_Required work_:
Output all of the lines below exactly, and leave out each image.

_Data provided_:
==========
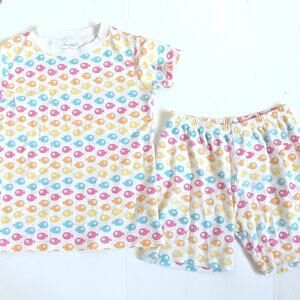 Kissy Kissy Rainbow Fish Shorts Pajamas Girls 10 Pima Cotton Soft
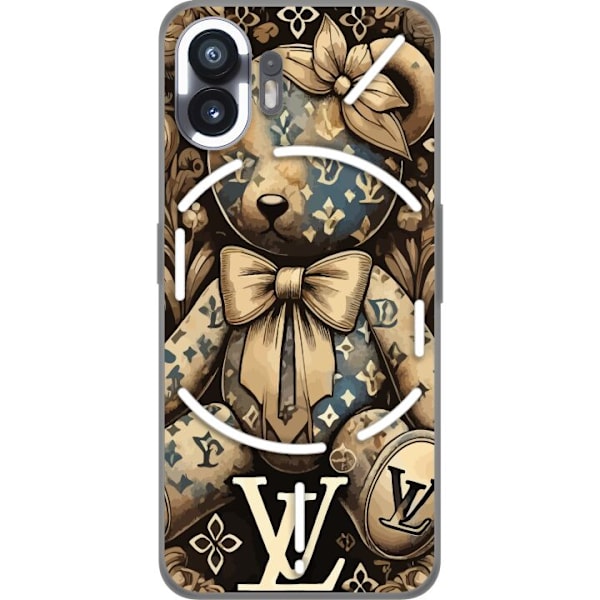 Nothing Phone (2) Läpinäkyvä kuori Teddy Vuitton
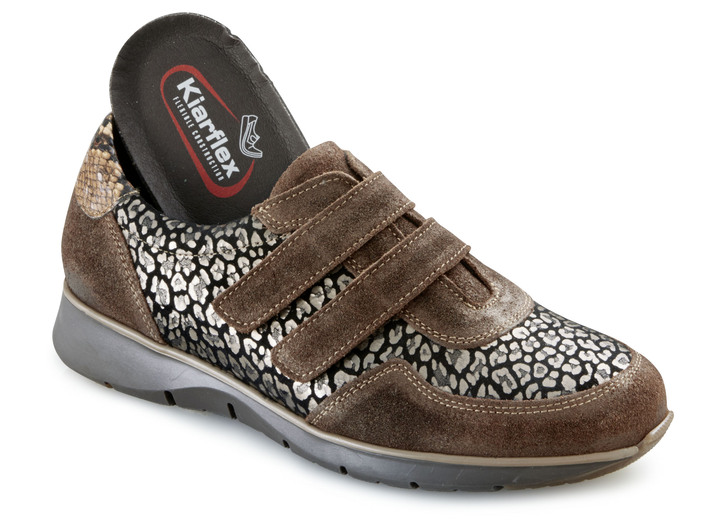 - Slipper mit flotter Prägung, in Größe 036 bis 042, in Farbe BRAUN Ansicht 2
==========
_Written reply_:
 Kissy Kissy Rainbow Fish Shorts Pajamas Girls 10 Pima Cotton Soft
 Nothing Phone (2) Läpinäkyvä kuori Teddy Vuitton
 - Slipper mit flotter Prägung, in Größe 036 bis 042, in Farbe BRAUN Ansicht 2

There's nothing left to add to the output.